WARNING:tensorflow:Your input ran out of data; interrupting training. Make sure that your dataset or generator can generate at least `steps_per_epoch * epochs` batches (in this case, 10 batches). You may need to use the repeat() function when building your dataset.
Yes, the original dataset is insuficient, but the data augmentation should provide more than enough data for the training.

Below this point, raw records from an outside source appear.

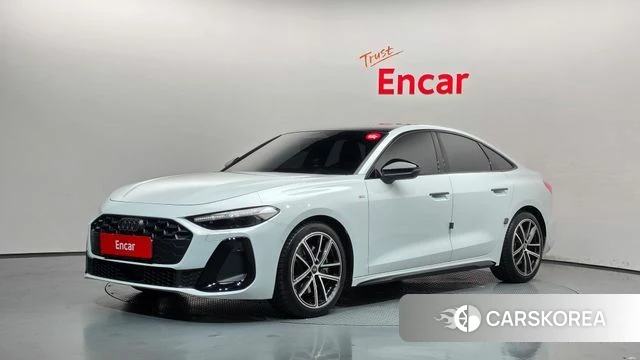 Audi A5 (B10) 2025 Белый из Кореи
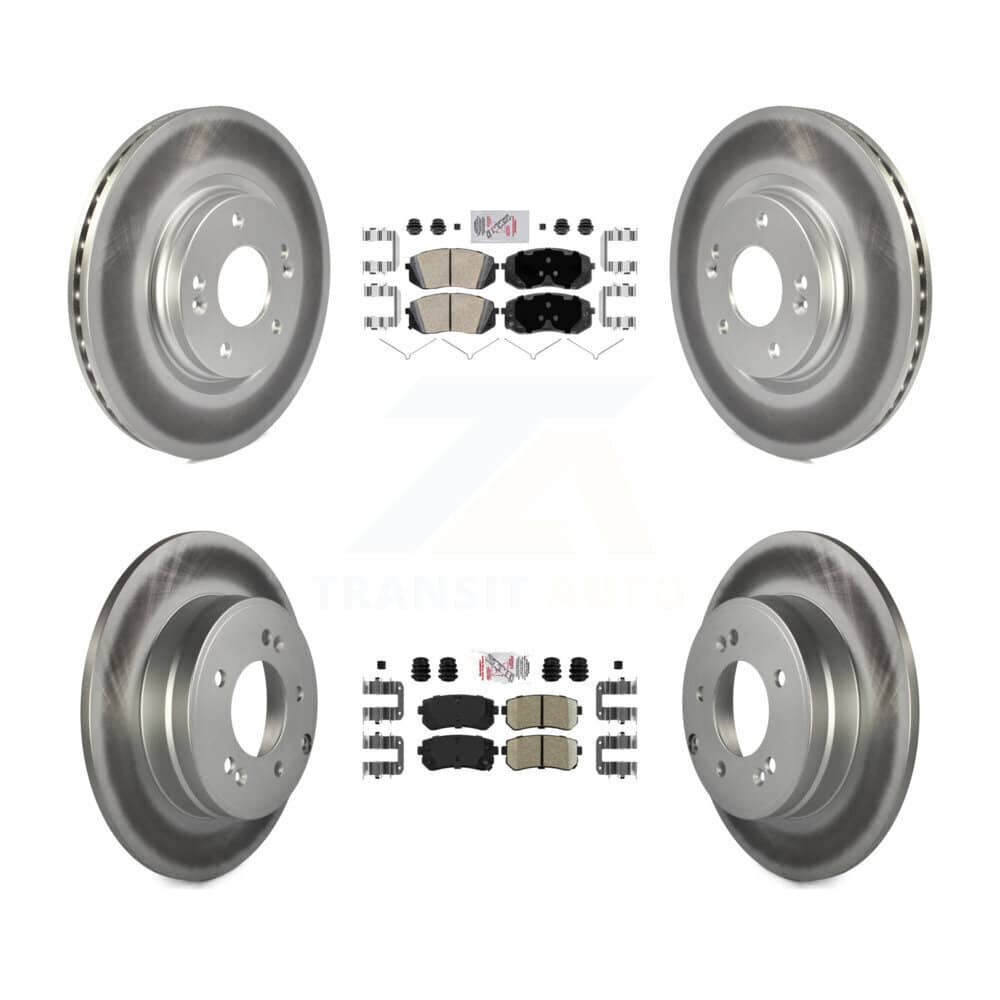 Transit Auto - KGA-104790 - Front and Rear Disc Brake Kits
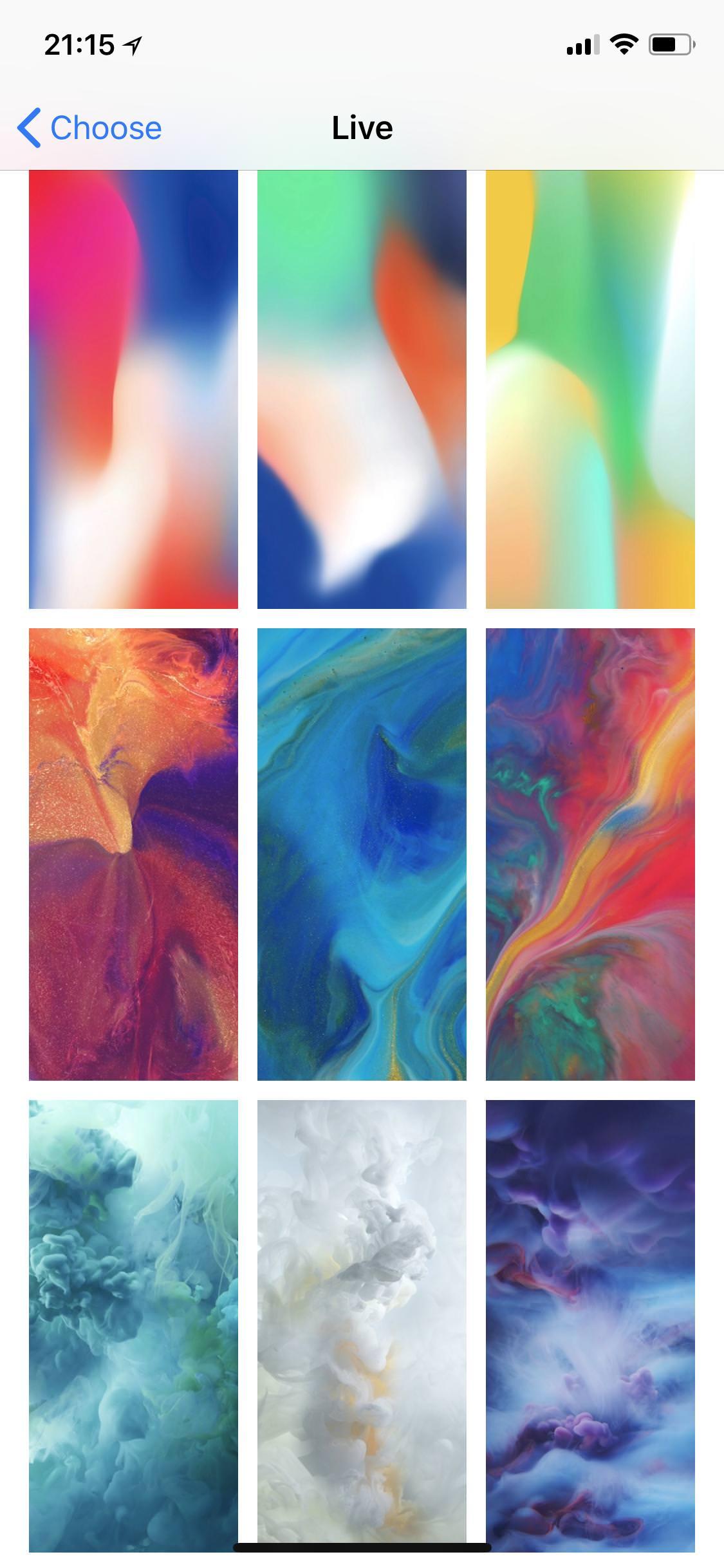 1125 x 2436 · jpeg - iPhone X Live Wallpaper : apple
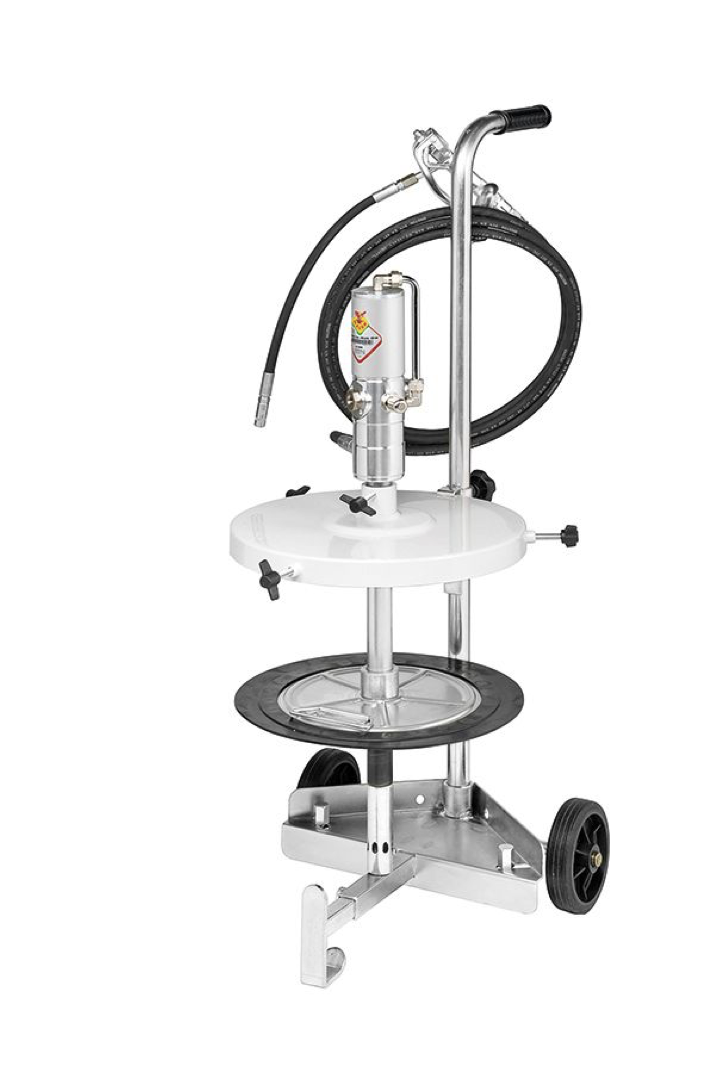 Kit di ingrassaggio carrellato RAASM 64033 per fusti 12-30 kg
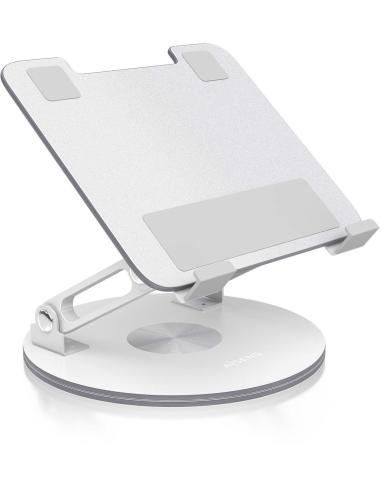 Aisens LPS4SL-341 Soporte/Elevador para Portátil/Tablet Giratorio de 13" Plata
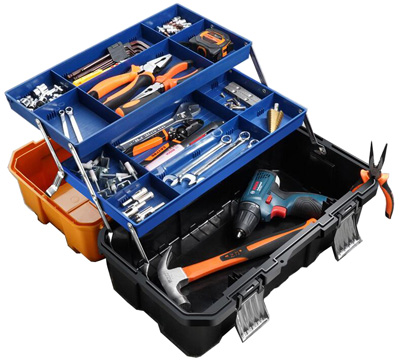 Cantilever Tool Box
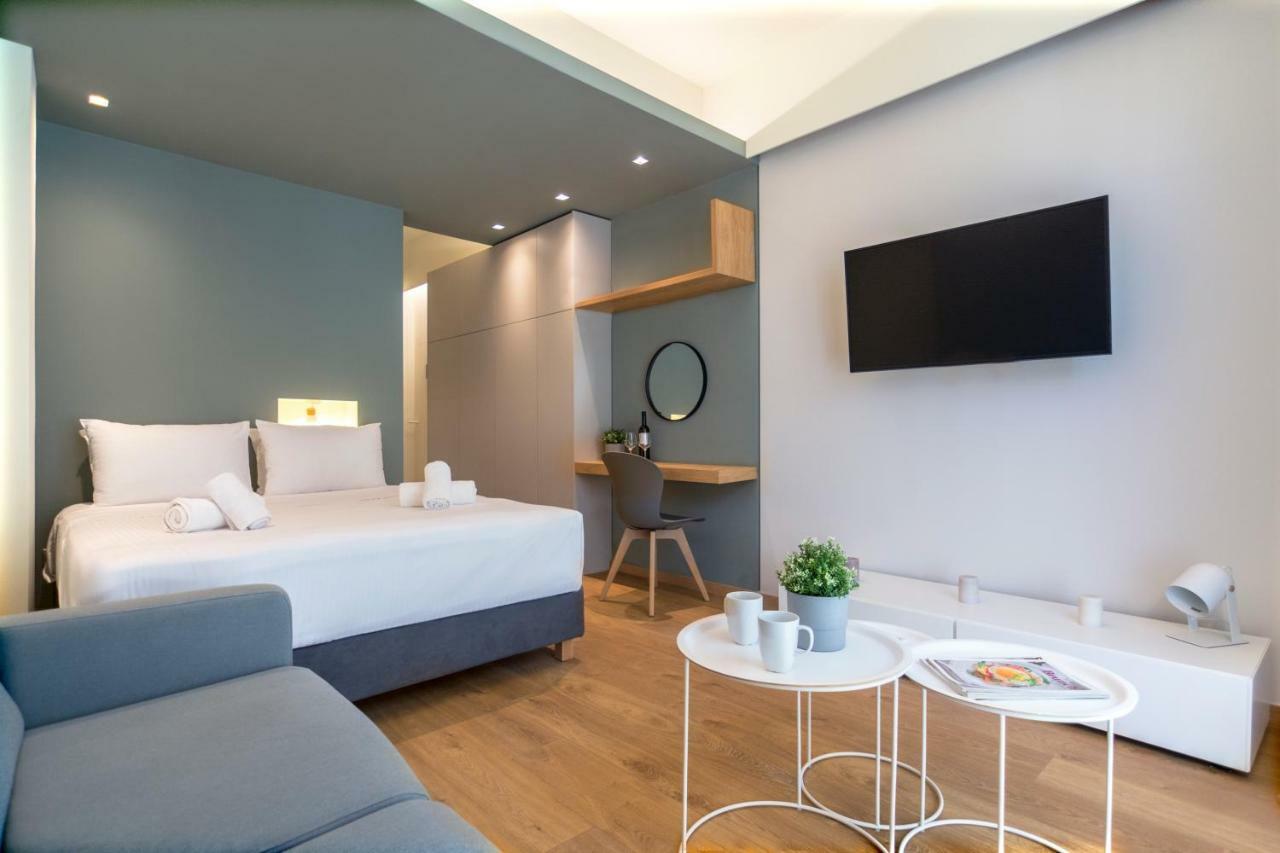 Kolokotroni Lofts Syntagma Lägenhet Aten Exteriör bild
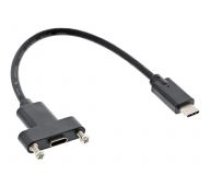 0.2m  2xUSB3.1-C USB Kabel 0 2 m 3.2 Gen 1 (3.1 Gen 1) USB C Schwarz (33441G) ( 33441G 33441G 33441G ) adapteris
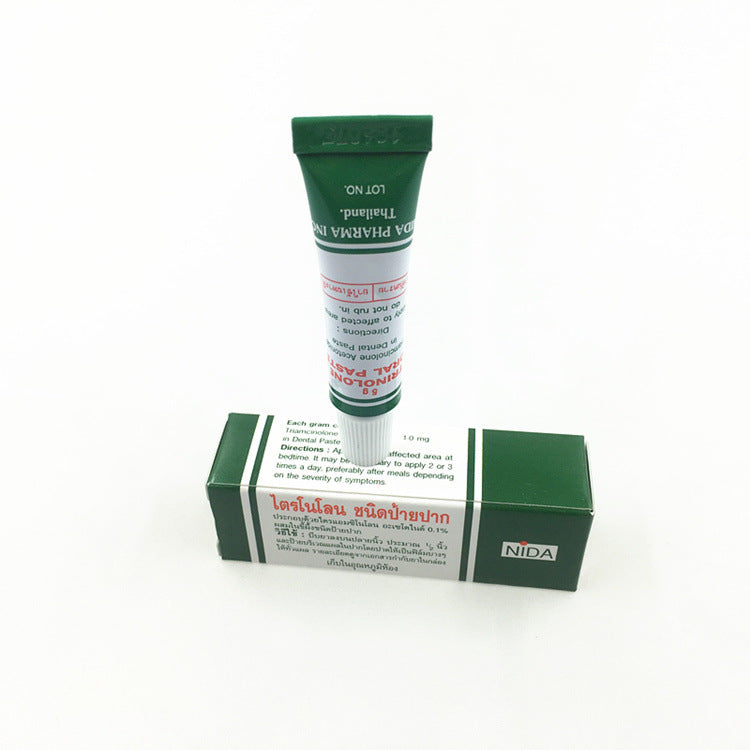 Dai Nao Lun Ointment Oral Ointment Mouthwash Peppermint Ointment Thai Oral Ointment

Does anyone know what's going on ?
EDIT:
fit call:
history = model.fit(
train_dataset,
epochs = 20,
steps_per_epoch = 100,
validation_data = validation_generator,
validation_steps = 10,
callbacks=callbacks_list)
This is the version I have using DataImageGenerator:
train_datagen = keras.preprocessing.image.ImageDataGenerator(rescale =1/255,rotation_range = 40,width_shift_range = 0.2,height_shift_range = 0.2,shear_range = 0.2,zoom_range = 0.2,horizontal_flip = True)
train_generator = train_datagen.flow_from_directory(directory= train_dir,target_size = (50,50),batch_size = 32,class_mode = 'binary')
val_datagen = keras.preprocessing.image.ImageDataGenerator(rescale=1/255)
validation_generator = val_datagen.flow_from_directory(directory=validation_dir,target_size=(50,50),batch_size =40,class_mode ='binary')
This specific code (with this same number of epochs, steps_per_epoch and batchsize) was taken from the book deeplearning with python, by François Chollet, it's an example on page 141 of a data augmentation system. As you may have guessed, this produces the same results as the other method displayed.